Segment Start: EXERCISE DATA

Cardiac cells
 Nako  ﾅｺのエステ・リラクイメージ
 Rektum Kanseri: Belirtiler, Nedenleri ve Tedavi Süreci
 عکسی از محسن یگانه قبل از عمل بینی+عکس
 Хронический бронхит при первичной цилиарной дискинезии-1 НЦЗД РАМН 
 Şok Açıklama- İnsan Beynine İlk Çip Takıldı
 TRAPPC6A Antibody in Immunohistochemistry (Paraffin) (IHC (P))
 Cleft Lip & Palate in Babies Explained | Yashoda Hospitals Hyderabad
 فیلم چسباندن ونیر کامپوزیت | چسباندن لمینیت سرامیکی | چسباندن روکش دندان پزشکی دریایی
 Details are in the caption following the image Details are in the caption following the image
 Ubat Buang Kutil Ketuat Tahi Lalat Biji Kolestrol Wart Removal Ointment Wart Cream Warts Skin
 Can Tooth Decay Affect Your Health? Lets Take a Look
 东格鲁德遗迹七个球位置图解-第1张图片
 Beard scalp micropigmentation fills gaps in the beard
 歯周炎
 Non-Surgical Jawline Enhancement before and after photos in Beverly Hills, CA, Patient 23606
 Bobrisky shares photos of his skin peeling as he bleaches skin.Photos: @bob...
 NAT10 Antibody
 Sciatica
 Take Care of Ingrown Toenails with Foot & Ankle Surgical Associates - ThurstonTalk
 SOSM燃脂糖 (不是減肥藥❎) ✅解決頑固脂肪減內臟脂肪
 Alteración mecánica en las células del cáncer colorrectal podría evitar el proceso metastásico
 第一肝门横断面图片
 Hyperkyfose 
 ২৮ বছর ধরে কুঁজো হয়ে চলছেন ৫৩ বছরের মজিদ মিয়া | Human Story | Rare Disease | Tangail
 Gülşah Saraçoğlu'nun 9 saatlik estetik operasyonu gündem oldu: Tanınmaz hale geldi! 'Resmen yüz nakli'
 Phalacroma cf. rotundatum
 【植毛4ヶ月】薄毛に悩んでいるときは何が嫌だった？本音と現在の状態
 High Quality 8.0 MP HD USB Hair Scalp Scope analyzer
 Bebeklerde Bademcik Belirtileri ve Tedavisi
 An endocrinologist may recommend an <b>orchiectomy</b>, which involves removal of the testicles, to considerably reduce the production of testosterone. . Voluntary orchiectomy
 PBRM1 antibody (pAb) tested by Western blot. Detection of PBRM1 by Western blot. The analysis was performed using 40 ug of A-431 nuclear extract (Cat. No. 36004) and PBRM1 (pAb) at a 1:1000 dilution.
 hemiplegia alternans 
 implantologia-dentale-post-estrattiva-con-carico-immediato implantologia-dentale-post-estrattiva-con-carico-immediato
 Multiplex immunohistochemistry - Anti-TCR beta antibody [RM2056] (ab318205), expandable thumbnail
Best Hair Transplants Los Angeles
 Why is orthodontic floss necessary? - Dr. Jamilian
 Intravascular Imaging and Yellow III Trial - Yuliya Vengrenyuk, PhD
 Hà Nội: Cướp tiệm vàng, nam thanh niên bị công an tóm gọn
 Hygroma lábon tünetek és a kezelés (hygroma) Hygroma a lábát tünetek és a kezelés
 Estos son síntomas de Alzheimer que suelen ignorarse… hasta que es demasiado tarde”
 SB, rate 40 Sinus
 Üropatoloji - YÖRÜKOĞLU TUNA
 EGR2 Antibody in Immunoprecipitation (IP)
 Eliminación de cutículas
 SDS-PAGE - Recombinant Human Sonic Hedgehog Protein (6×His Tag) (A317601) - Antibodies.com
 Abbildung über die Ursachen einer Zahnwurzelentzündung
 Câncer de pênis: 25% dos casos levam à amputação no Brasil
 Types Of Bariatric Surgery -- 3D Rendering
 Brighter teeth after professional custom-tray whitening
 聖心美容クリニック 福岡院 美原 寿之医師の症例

Segment End: EXERCISE DATA

Among the entries above, the line containing "Non-Surgical Jawline Enhancement", the line containing "Eliminación de cutículas", and all lines between them are to be restated word for word; nothing else belongs in the reply.

**TASK OUTPUT:**
 Non-Surgical Jawline Enhancement before and after photos in Beverly Hills, CA, Patient 23606
 Bobrisky shares photos of his skin peeling as he bleaches skin.Photos: @bob...
 NAT10 Antibody
 Sciatica
 Take Care of Ingrown Toenails with Foot & Ankle Surgical Associates - ThurstonTalk
 SOSM燃脂糖 (不是減肥藥❎) ✅解決頑固脂肪減內臟脂肪
 Alteración mecánica en las células del cáncer colorrectal podría evitar el proceso metastásico
 第一肝门横断面图片
 Hyperkyfose 
 ২৮ বছর ধরে কুঁজো হয়ে চলছেন ৫৩ বছরের মজিদ মিয়া | Human Story | Rare Disease | Tangail
 Gülşah Saraçoğlu'nun 9 saatlik estetik operasyonu gündem oldu: Tanınmaz hale geldi! 'Resmen yüz nakli'
 Phalacroma cf. rotundatum
 【植毛4ヶ月】薄毛に悩んでいるときは何が嫌だった？本音と現在の状態
 High Quality 8.0 MP HD USB Hair Scalp Scope analyzer
 Bebeklerde Bademcik Belirtileri ve Tedavisi
 An endocrinologist may recommend an <b>orchiectomy</b>, which involves removal of the testicles, to considerably reduce the production of testosterone. . Voluntary orchiectomy
 PBRM1 antibody (pAb) tested by Western blot. Detection of PBRM1 by Western blot. The analysis was performed using 40 ug of A-431 nuclear extract (Cat. No. 36004) and PBRM1 (pAb) at a 1:1000 dilution.
 hemiplegia alternans 
 implantologia-dentale-post-estrattiva-con-carico-immediato implantologia-dentale-post-estrattiva-con-carico-immediato
 Multiplex immunohistochemistry - Anti-TCR beta antibody [RM2056] (ab318205), expandable thumbnail
Best Hair Transplants Los Angeles
 Why is orthodontic floss necessary? - Dr. Jamilian
 Intravascular Imaging and Yellow III Trial - Yuliya Vengrenyuk, PhD
 Hà Nội: Cướp tiệm vàng, nam thanh niên bị công an tóm gọn
 Hygroma lábon tünetek és a kezelés (hygroma) Hygroma a lábát tünetek és a kezelés
 Estos son síntomas de Alzheimer que suelen ignorarse… hasta que es demasiado tarde”
 SB, rate 40 Sinus
 Üropatoloji - YÖRÜKOĞLU TUNA
 EGR2 Antibody in Immunoprecipitation (IP)
 Eliminación de cutículas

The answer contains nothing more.